Lastly, you can use your own PetitParser parser, and select all the classes whose class definition matches the parsers. For example, all the classes that have an instance variable named: 'bar', and all their selectors.

	PhPointcut 
		receivers: (#any asParser plusGreedy: 'instanceVariableNames: ''bar''' asParser)
		selectors: #any asParser.

Ådvice

An Advice is modeled by PhAdvice, a PhAdvice is of a given type (before, after, around) and specifies a pointcut and advice.

A selector and object are used to specify the behavior. For example, the following sends the message #foo to the bar object before the join point indicated by the pointcut pc occurs.

	PhAdvice before: pc send: #foo to: bar

Alternatively, a block may also be used. It is however considered bad coding style, avoid it for larger applications.

	PhAdvice pointcut: pc
		advice: [:context | Transcript show: (context receiver asString);cr.]
		type: #after.

Inter-Type Declarations

PhClassModifier is used to add instance or class variables, and behavior to a class, in the spirit of intertype declarations of AspectJ. Different from AspectJ is that class modifiers take a pointcut to determine the class(es) that need(s) to be changed. The classes that are changed are those that define a method on which the pointcut statically matches.
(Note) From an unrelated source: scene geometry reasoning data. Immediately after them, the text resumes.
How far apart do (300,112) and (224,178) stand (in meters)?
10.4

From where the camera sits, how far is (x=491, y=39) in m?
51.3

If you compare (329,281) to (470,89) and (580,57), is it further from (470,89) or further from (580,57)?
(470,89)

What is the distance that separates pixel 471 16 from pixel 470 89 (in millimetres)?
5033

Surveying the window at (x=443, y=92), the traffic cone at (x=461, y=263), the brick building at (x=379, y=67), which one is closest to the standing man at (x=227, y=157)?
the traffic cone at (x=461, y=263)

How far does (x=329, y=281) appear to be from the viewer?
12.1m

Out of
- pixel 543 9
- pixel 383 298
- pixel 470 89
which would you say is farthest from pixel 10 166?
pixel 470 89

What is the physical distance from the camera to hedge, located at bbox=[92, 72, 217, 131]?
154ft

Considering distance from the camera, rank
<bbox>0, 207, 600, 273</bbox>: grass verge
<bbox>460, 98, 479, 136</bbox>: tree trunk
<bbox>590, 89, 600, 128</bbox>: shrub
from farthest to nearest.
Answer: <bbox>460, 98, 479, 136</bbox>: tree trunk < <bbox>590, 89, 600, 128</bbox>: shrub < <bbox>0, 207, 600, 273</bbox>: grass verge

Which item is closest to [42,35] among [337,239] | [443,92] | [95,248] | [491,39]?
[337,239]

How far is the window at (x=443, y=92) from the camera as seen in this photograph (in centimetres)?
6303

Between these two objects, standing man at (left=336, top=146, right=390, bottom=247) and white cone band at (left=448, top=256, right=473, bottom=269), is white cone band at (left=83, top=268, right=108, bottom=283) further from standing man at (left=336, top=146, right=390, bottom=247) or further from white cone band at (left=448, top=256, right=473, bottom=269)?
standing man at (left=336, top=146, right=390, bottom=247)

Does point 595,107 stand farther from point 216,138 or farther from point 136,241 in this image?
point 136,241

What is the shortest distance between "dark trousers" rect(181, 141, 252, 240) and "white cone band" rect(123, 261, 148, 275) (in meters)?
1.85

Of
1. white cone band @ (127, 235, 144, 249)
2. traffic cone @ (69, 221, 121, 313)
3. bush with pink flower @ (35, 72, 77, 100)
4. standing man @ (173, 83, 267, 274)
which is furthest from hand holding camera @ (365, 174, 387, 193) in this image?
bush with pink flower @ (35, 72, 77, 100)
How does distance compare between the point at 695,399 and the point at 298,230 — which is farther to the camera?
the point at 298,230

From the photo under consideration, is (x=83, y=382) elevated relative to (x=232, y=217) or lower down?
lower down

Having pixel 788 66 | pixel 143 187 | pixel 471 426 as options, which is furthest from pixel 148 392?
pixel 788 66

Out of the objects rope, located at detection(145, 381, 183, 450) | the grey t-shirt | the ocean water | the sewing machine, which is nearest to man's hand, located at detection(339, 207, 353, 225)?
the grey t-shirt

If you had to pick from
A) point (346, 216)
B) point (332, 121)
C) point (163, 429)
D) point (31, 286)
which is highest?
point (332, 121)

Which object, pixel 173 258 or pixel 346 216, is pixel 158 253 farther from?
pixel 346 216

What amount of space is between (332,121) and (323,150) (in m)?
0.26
Example, for a pointcut stored in a variable named 'pc':

	PhClassModifier on: pc addIV: 'bar'.
	PhClassModifier on: pc addIM: 'bar
			^bar ifNil: [bar := 0]'.

A PhClassModifier needs to be added to an aspect (by sending the aspect the addClassModifier: message) for it to take effect, which happens when the aspect is deployed.

Aspect

An aspect is modeled by the PhAspect class. On a PhAspect instance you can add PhAdvice and PhClassModifier instances. This PhAspect instance then can be installed on the system (and later uninstalled when no longer needed).

Example:

You want to print to the Transcript every time a SystemWindow or any of its subclasses are moved. You also want to know what window moved, and the point to where it was moved.

	asp := PhAspect new
		add: (PhAdvice pointcut:
				(PhPointcut receivers: 'SystemWindow+'
					selectors: 'position:'
					context: #(receiver arguments))
			advice: [:context |
				Transcript show: context receiver.
				Transcript show: ' moved to: '.
				Transcript show: context arguments; cr.]
			type: #after).
	asp install.

Download

To download PHANtom, you can either get it from SqueakSource3, or download a pre-built image.
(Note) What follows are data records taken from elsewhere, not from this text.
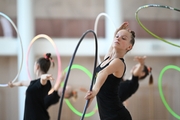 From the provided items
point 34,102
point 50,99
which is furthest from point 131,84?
point 34,102

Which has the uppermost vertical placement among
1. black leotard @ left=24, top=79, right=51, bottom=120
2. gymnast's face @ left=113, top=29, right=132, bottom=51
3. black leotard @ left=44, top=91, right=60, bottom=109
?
gymnast's face @ left=113, top=29, right=132, bottom=51

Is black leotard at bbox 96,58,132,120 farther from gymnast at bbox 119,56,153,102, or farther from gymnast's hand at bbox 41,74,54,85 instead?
gymnast at bbox 119,56,153,102

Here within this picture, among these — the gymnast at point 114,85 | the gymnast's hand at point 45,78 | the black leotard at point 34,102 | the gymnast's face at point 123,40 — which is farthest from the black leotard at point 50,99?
the gymnast's face at point 123,40

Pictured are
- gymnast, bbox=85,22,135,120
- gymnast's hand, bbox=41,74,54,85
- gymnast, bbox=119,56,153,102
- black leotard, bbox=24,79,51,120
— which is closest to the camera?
gymnast, bbox=85,22,135,120

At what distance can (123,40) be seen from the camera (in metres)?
1.67

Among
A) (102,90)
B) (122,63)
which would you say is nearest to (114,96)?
(102,90)

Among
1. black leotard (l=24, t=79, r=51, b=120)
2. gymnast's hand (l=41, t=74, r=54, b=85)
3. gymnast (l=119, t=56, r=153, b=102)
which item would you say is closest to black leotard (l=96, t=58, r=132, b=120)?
gymnast's hand (l=41, t=74, r=54, b=85)

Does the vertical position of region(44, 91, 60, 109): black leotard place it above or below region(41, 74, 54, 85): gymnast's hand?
below

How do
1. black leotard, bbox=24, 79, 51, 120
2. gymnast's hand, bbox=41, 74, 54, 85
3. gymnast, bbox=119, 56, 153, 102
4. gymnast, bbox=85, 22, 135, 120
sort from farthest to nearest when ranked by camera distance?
gymnast, bbox=119, 56, 153, 102 < black leotard, bbox=24, 79, 51, 120 < gymnast's hand, bbox=41, 74, 54, 85 < gymnast, bbox=85, 22, 135, 120

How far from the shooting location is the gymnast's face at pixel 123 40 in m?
1.66

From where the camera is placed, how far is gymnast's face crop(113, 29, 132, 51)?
65.2 inches

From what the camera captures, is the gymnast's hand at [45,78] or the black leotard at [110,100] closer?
the black leotard at [110,100]

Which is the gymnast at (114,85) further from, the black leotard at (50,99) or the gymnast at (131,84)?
the black leotard at (50,99)

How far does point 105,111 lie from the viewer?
166 centimetres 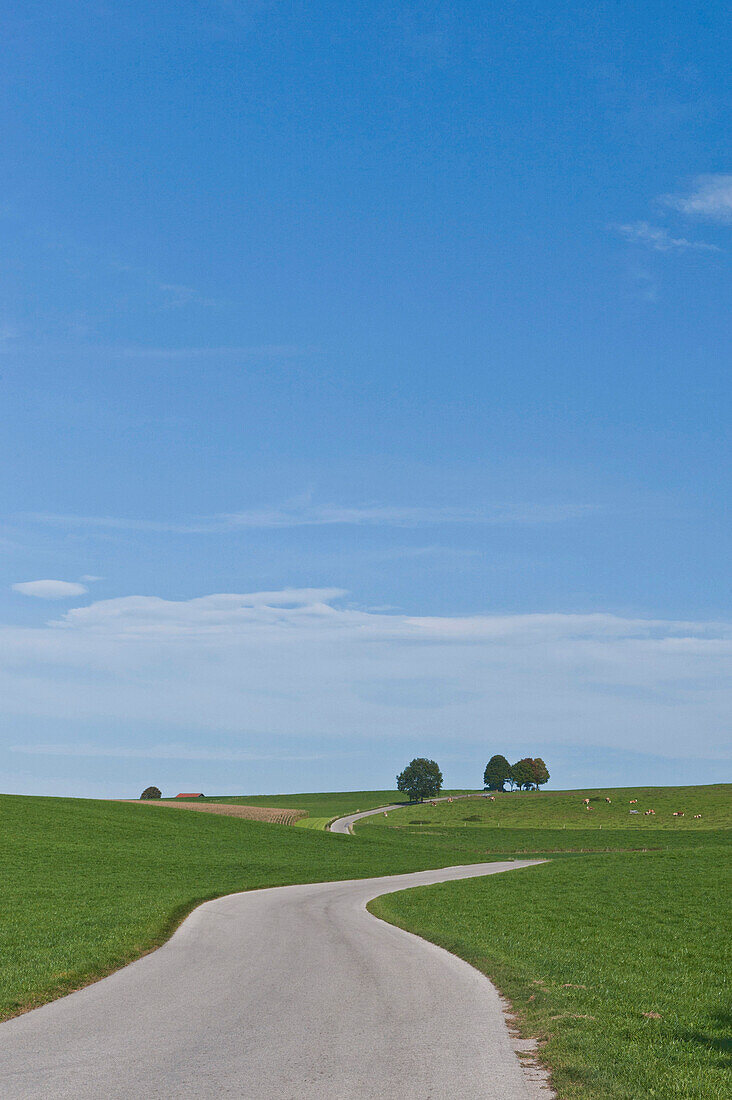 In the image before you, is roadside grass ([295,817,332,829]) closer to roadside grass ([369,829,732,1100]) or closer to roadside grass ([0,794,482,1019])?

To get PHANtom from the old SqueakSource, first download the configuration, by evaluating the following in a workspace:

Gofer new
  squeaksource: 'Phantom';
  package: 'ConfigurationOfPhantom';
  load.

The latest stable version version of PHANtom is then installed by evaluating the following in a workspace

(ConfigurationOfPhantom project version: #stable) load: 'ALL'.

The latest development version (which are usually pretty stable as well) are installed by evaluating the following in a workspace

(ConfigurationOfPhantom project version: #development) load: 'ALL'.

Tips and Known Bugs

Tip: The Test Runner (and the entire unit test framework) does complicated things at the metalevel, which sadly do not combine nicely with PHANtom. As a result, unit tests for code with aspects can behave inconsistently, especially when fixing bad behavior through the test run infrastructure (i.e. putting a self halt somewhere in the test case and then run it from the runner of a menu item). The advice in those cases is to run the tests by manually calling the method from a workspace.

Tip: If / when there are a number of aspects still around and you cannot easily uninstall them (e.g. you do not have a reference to them anymore), all aspects can be uninstalled by a do-it of the following: PhAspectWeaver uninstallAll. Alternatively, to obtain a list of installed aspects: PhAspectWeaver installedAspects

Bug: Join points generated by the infrastructure of PHANtom are still captured by the aspects themselves. This may lead to infinite loops, e.g. when aspects intercept messages sent to collections. If you only use pointcuts that match on classes of your own implementation you will not encounter this bug.